■ **WHAT YOU ARE ASKED TO DO**
Copy exactly the lines of the data below, beginning with the line with "Balcony/Terrace, City view, Mountain view" and ending with the line with "Loja para Arrendamento em Paranhos". Pictures are to be omitted.

■ **DATA PROVIDED**
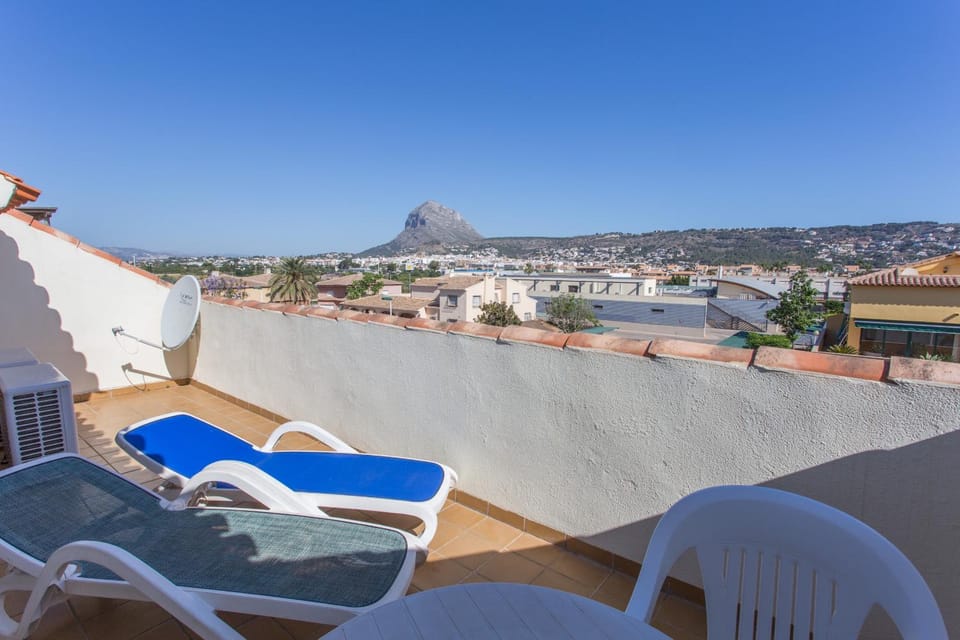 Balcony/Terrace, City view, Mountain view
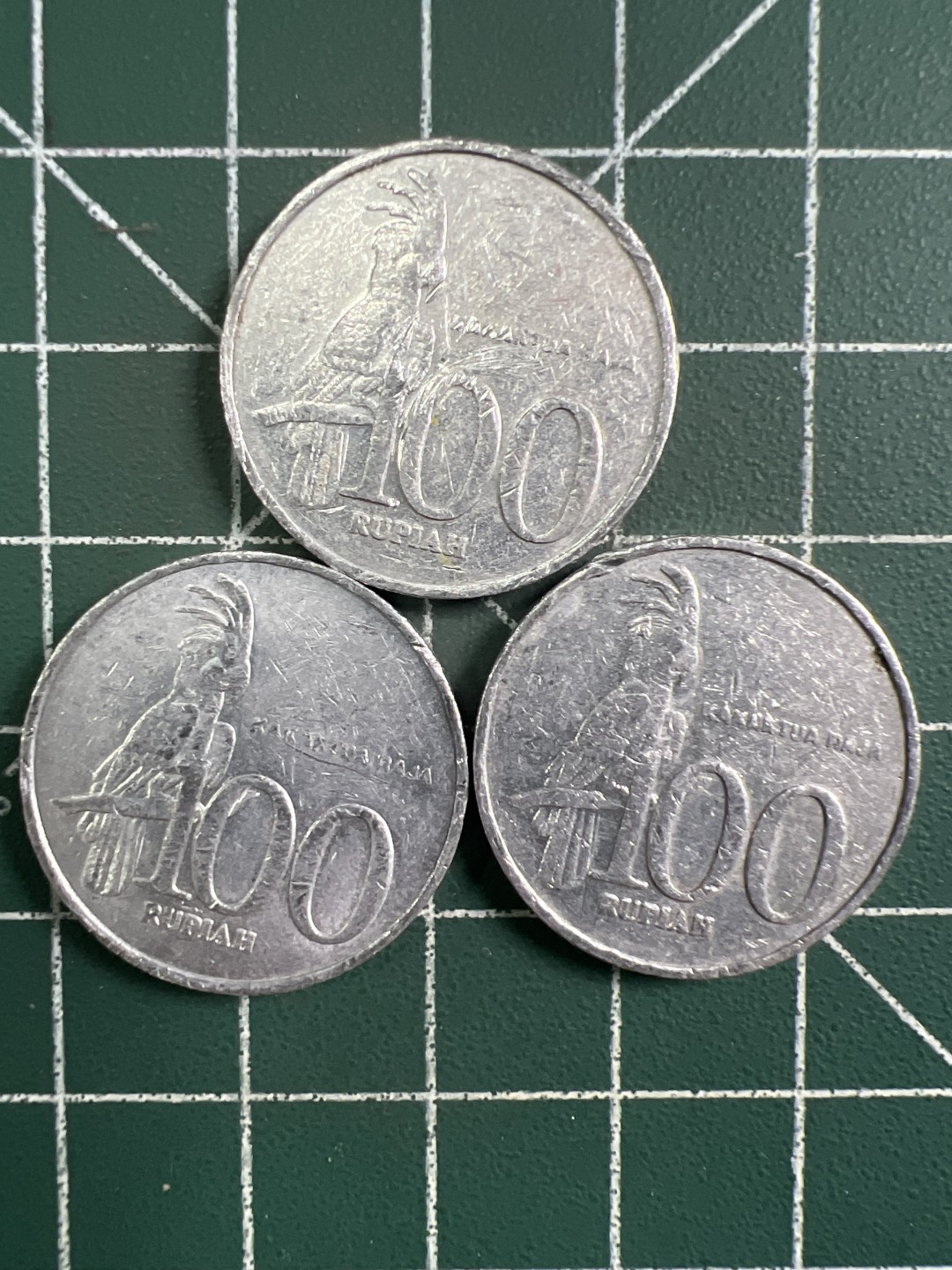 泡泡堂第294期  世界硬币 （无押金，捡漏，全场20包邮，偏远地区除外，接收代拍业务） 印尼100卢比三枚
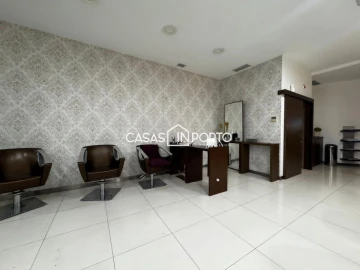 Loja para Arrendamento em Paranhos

* * *

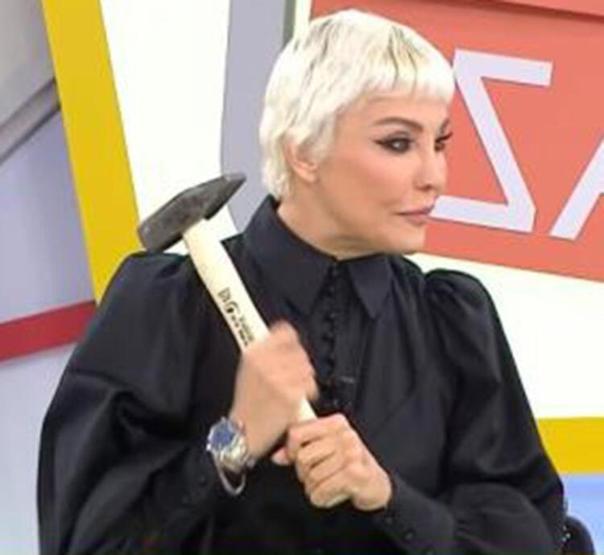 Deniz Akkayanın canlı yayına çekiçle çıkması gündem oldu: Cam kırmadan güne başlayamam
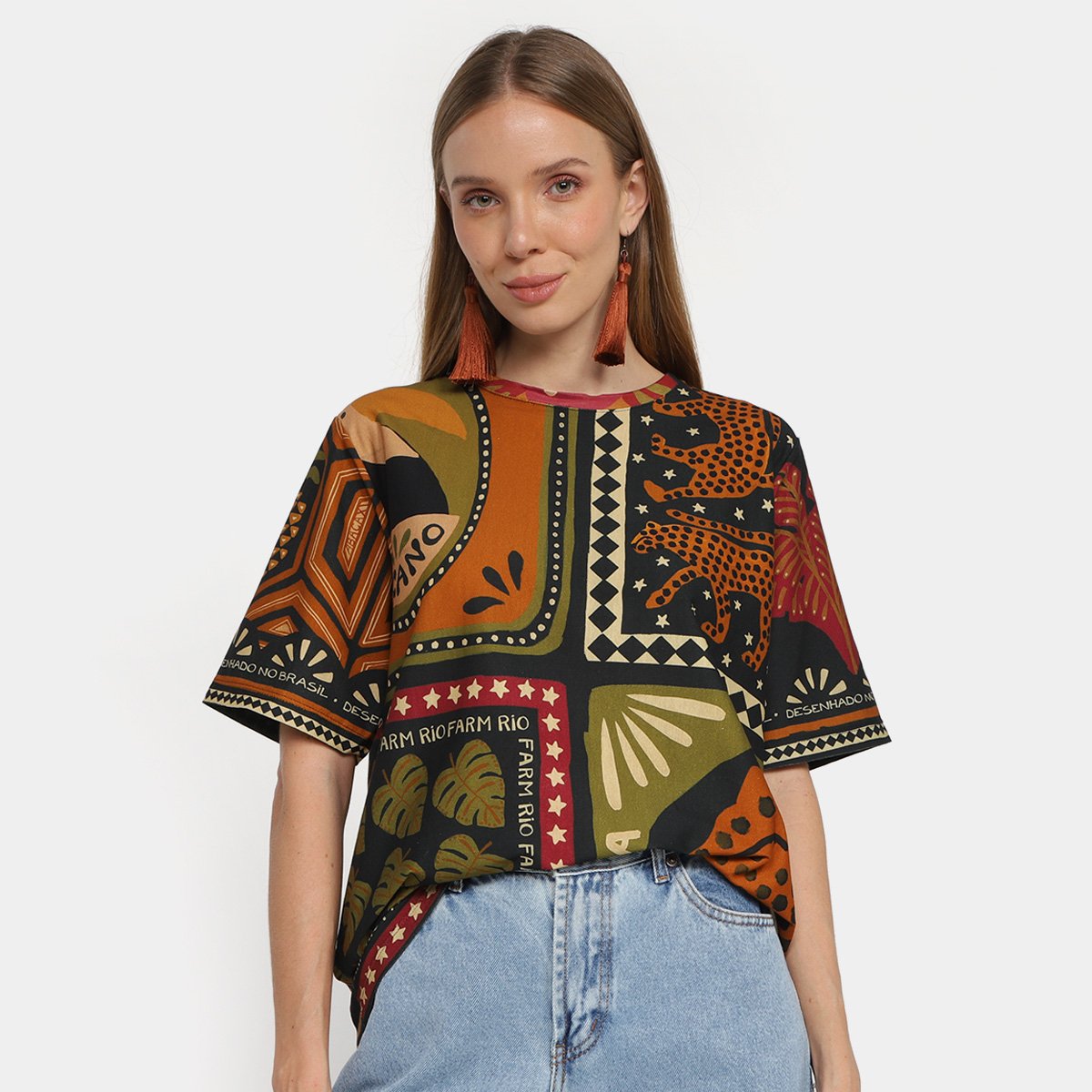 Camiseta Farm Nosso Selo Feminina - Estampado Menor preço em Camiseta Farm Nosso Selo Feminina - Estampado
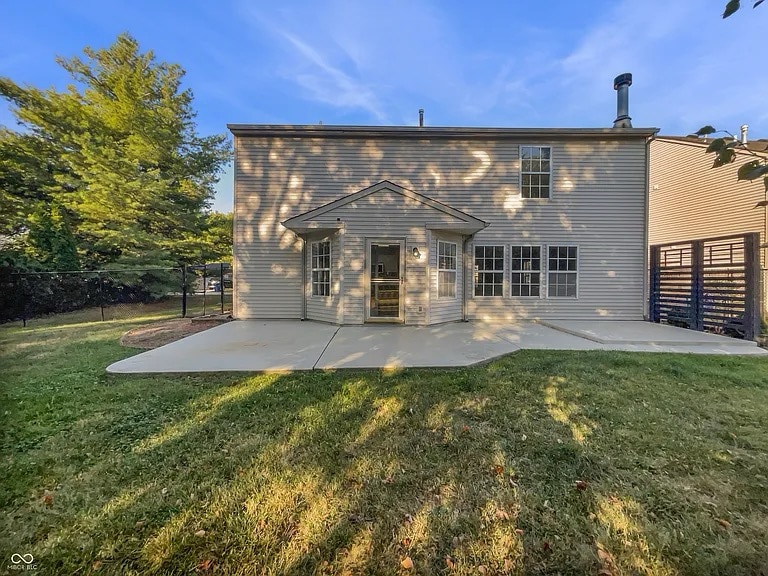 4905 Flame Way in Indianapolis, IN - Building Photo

---

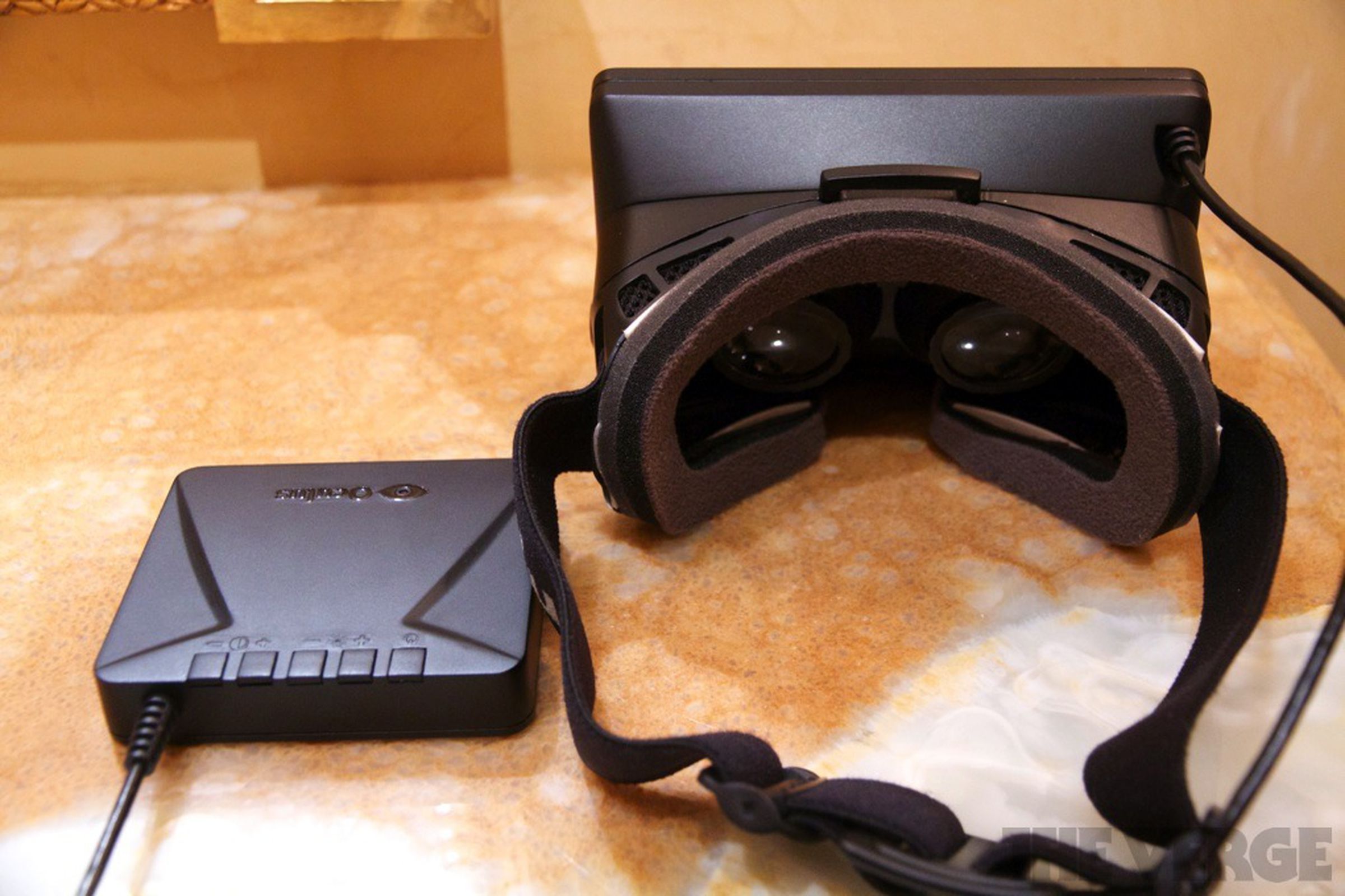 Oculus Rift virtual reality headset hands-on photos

■ **YOUR SOLUTION**
 Balcony/Terrace, City view, Mountain view
 泡泡堂第294期  世界硬币 （无押金，捡漏，全场20包邮，偏远地区除外，接收代拍业务） 印尼100卢比三枚
 Loja para Arrendamento em Paranhos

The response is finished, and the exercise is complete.